"Who in their right mind wouldn't want to read a book by Mark Barry!" (Mary Quallo, St Louis)

"Who in their right mind wouldn't want to read a book by Mark Barry!"  (Mary Quallo, St Louis)
Coming next week - Carla Eatherington

Wednesday, 30 May 2012

Amazon

Bukowski said that writing comes from the heart and you can't control what emerges. I tend to write stories about real people in extraordinary situations or extraordinary people in real situations. They are the books I like to read and they are the stories that come almost unbidden from inside.

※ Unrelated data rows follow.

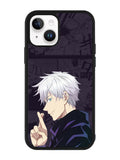 Satoru Gojo Jujutsu Kaisen iPhone 14 Case QC9170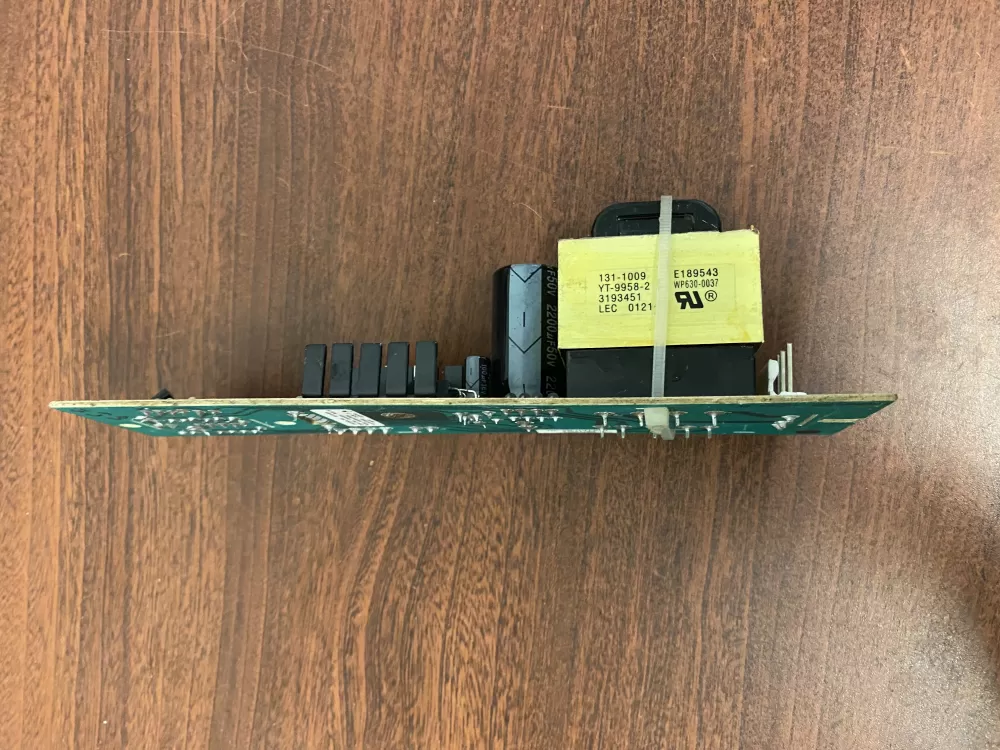 Whirlpool 6610333 8523034 9755076 Range Power Control Board AZ37216 | BK74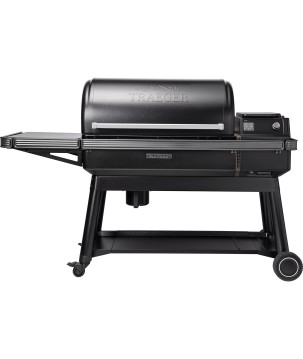 BARBACOA DE PELLETS TRAEGER IRONWOOD XL INT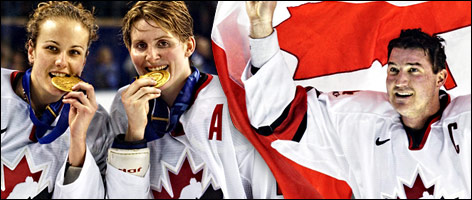 NHL Apparel #3 :Sidney Crosby 2010 Canadian Olympic Jersey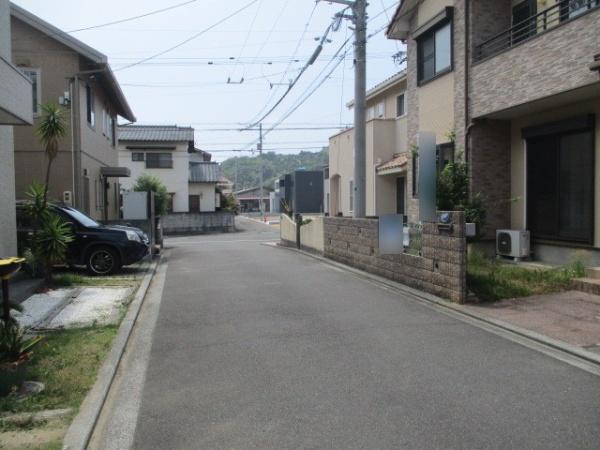 松山市松ノ木１丁目の中古一戸建て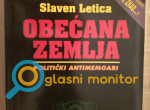 Obećana zemlja, politički antimemoari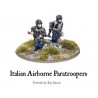 Italian Paratroops (Italian Airborne) boxed set 28mm WWII WARLORD GAMES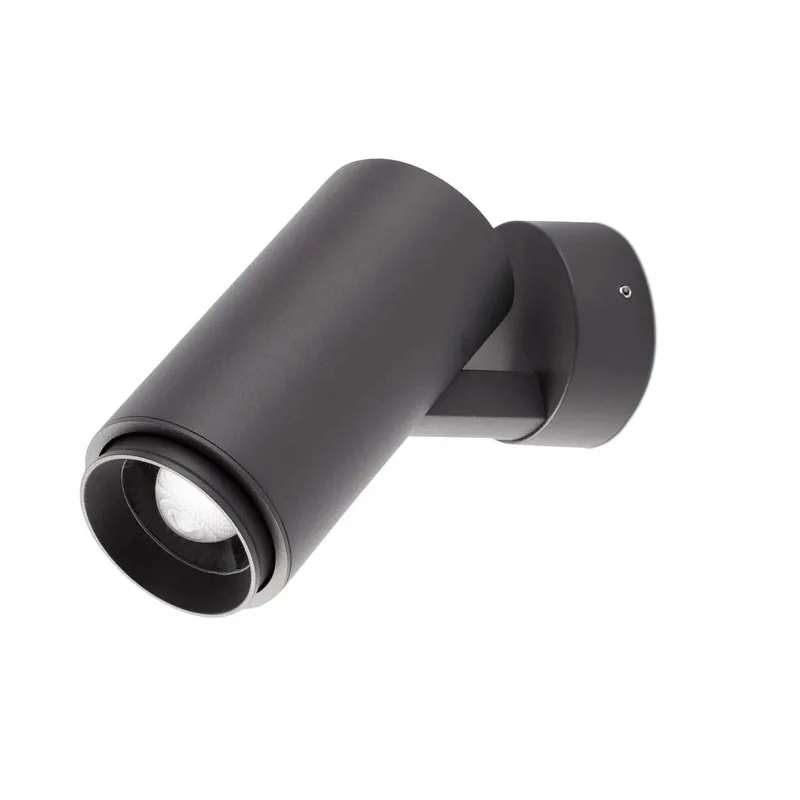 Plom - Adjustable outdoor LED spotlight modern design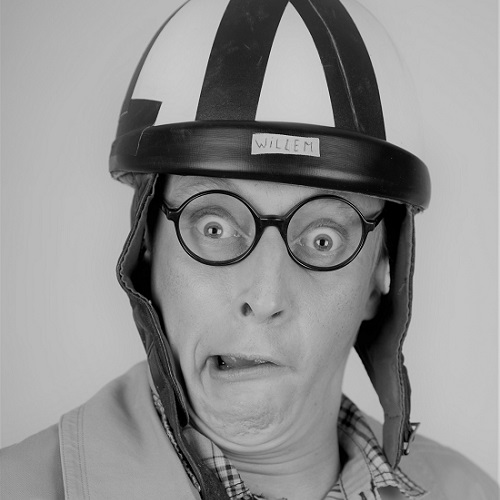 Andre van Duin Lookalike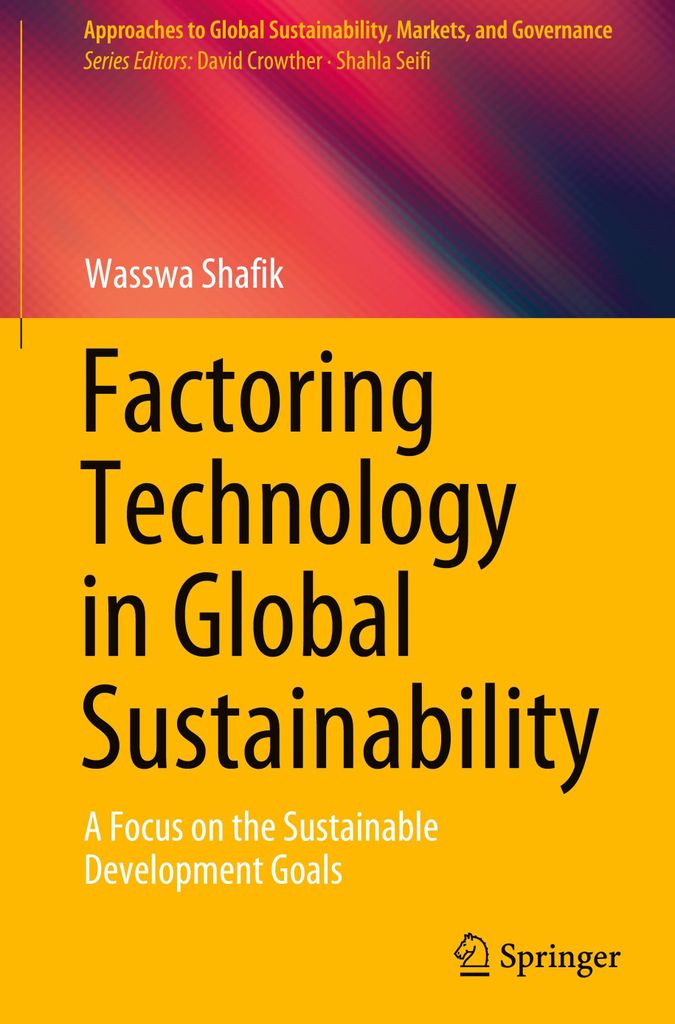 Factoring Technology in Global Sustainability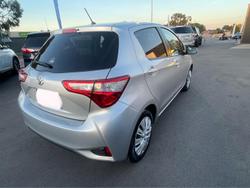 2017 Toyota Yaris SX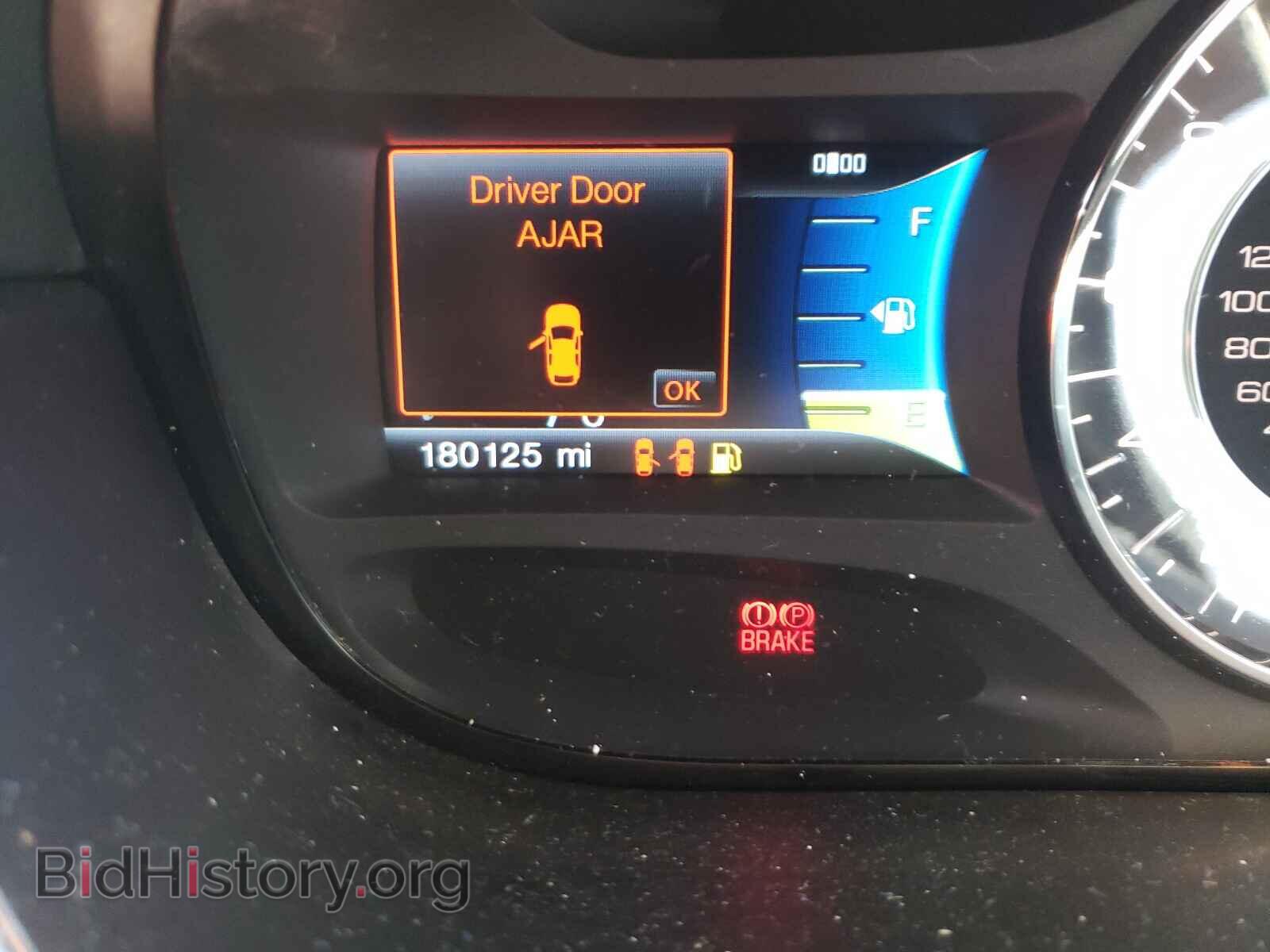 2012 FORD EDGE - VIN: 2FMDK4JC7CBA93531 - Фото 8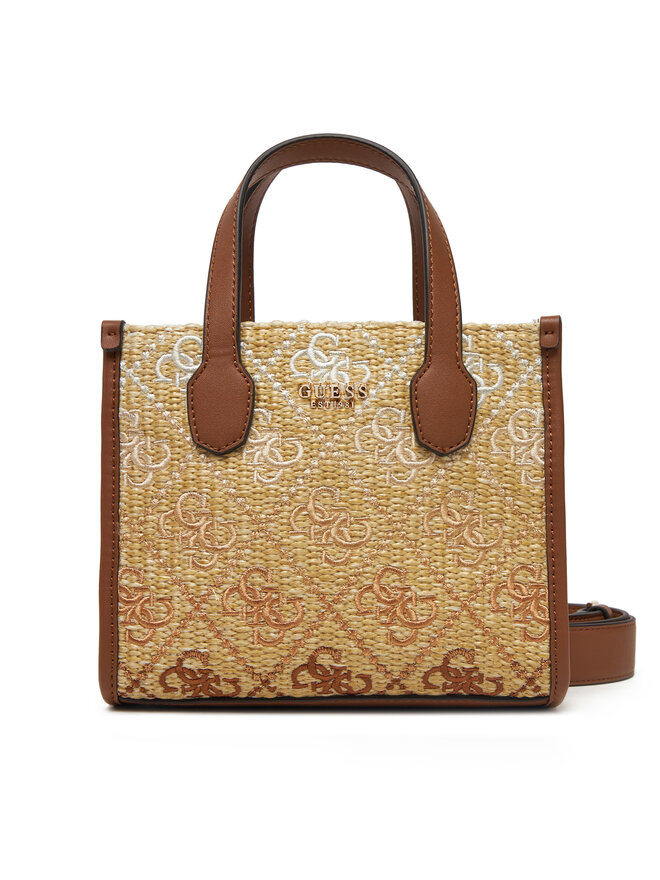 

Сумка Guess, бежевый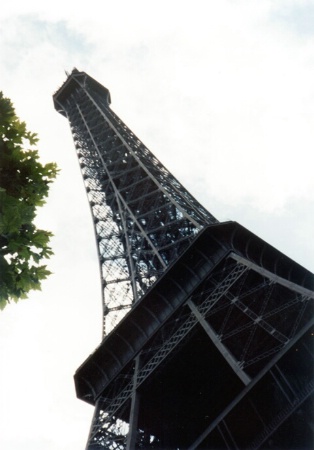 Bon Chance Eiffel
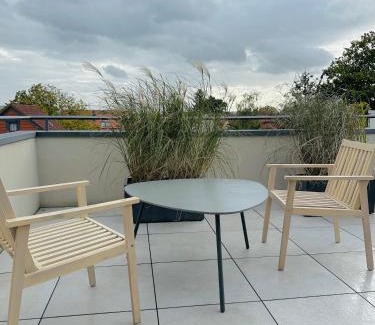 Sickte Apartamento | Dr. Bockemüller Appartements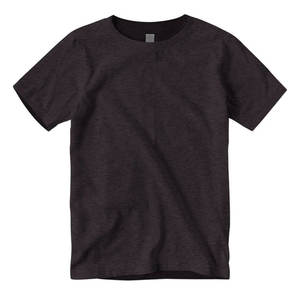 High Street Plain Tricoté Hommes T-shirts T-shirt en vrac en coton de haute qualité pour hommes Unisexe - Product Image 3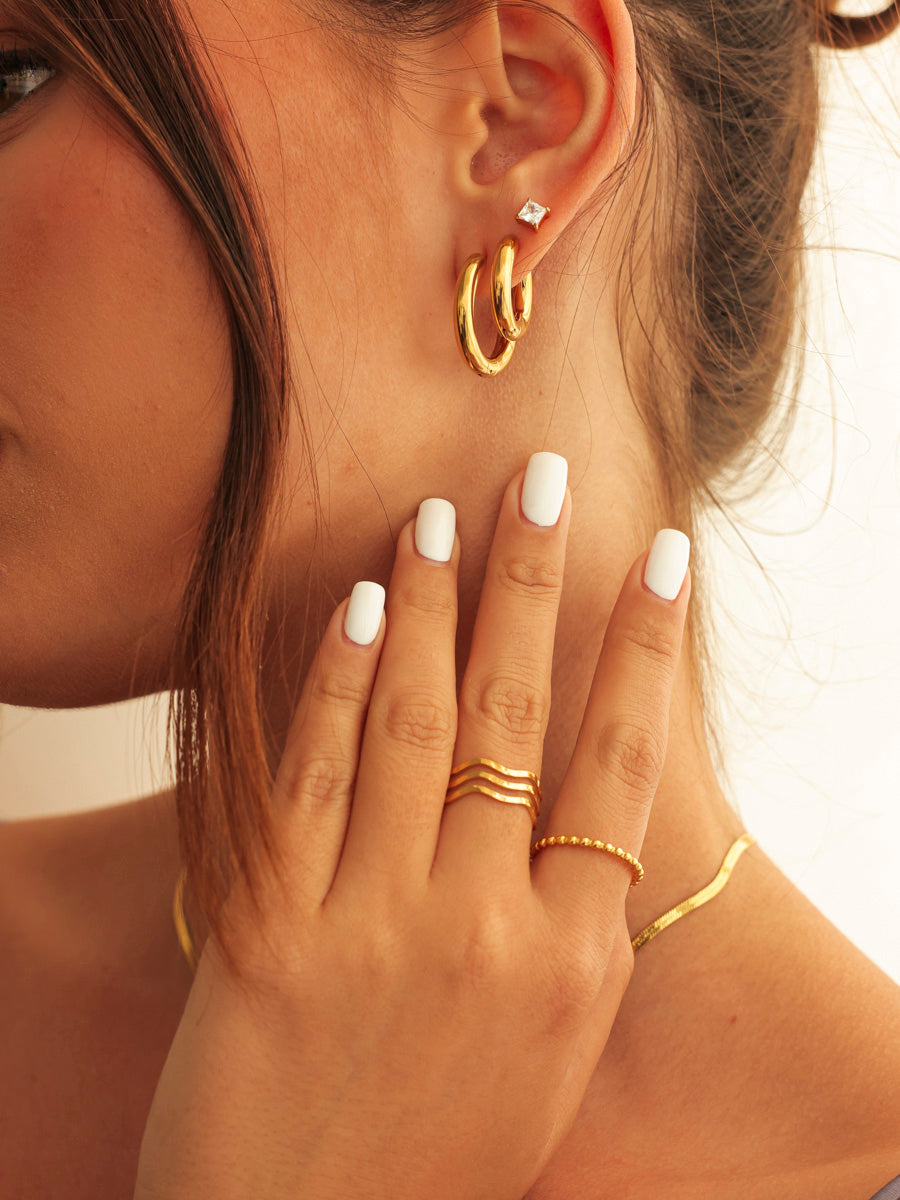 Classic Soft Earrings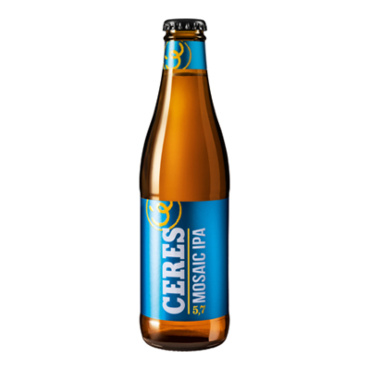 CERES MOSAIC IPA 5,7 33 CL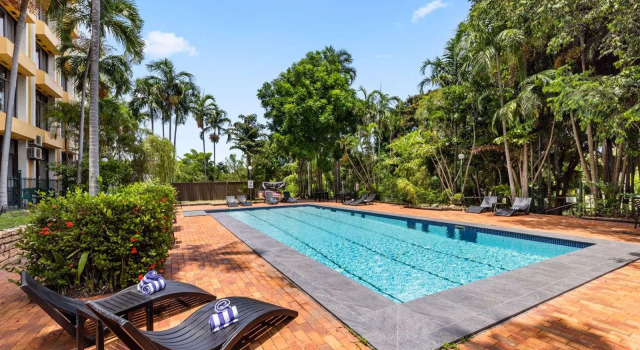 Номер Standard Frontier Hotel Darwin
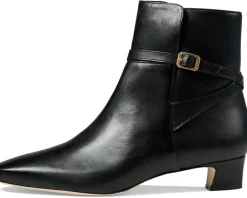 Bernardo Houston Black Antique Calf Clearance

It's no effort really.

If my only choices were to write a spy, a science fiction or a fantasy novel, I would choose to concrete motorways for a living. Make a load more money too.

Yet that's apparently what sells over there. Genre stuff.  Stuff you can easily pigeonhole.

Oops.

The hardest book I wrote was The Ritual and that was horror. Never again. I doff my cap to Mssr's King and Straub. That was the hardest thing I've ever done.

(Apart from selling insurance door to door and being told, in  my first and only management job, to sack a cleaner with mild learning difficulties who relied on the job to feed nine kids, several disabled. That was tough - took me a year to get over that.)

Over the past week or so, I've been having a look round independent publishing blogs and the Amazon forum

http://forums.kindledirectpublishing.com/kdpforums/forumindex.jspa

and discovered one or two things about the game I didn't know. I'd love to meet anyone from over there who writes the same type of stuff as me. Please get in touch.

My influences are, in no particular order; James Cain, the afore mentioned Charles Bukowski, Henry Miller (the lists - love his listing technique and his block paragraphing); Norman Mailer, Jim Thompson, Paul Auster, Elmore Leonard, the great Martin Amis, Liz Jensen, Glen Duncan, Chuck P (two or three books, not all), Cormac McC (I ripped off his no-speech mark dialogue style twice in five books), and with nods to some of the old school horror/science fiction writers such as King, Straub, Herbert, Sharman, Robert Bloch, Ray Bradbury and Richard Matheson, but they are just nods, glimmers from the past.

It's the real stuff I'm interested in and the weird and whacky people that live it. Now how do I get that across in the marketing in a world full of prosperous romance novelists and their secretaries! No one said it was going to be easy.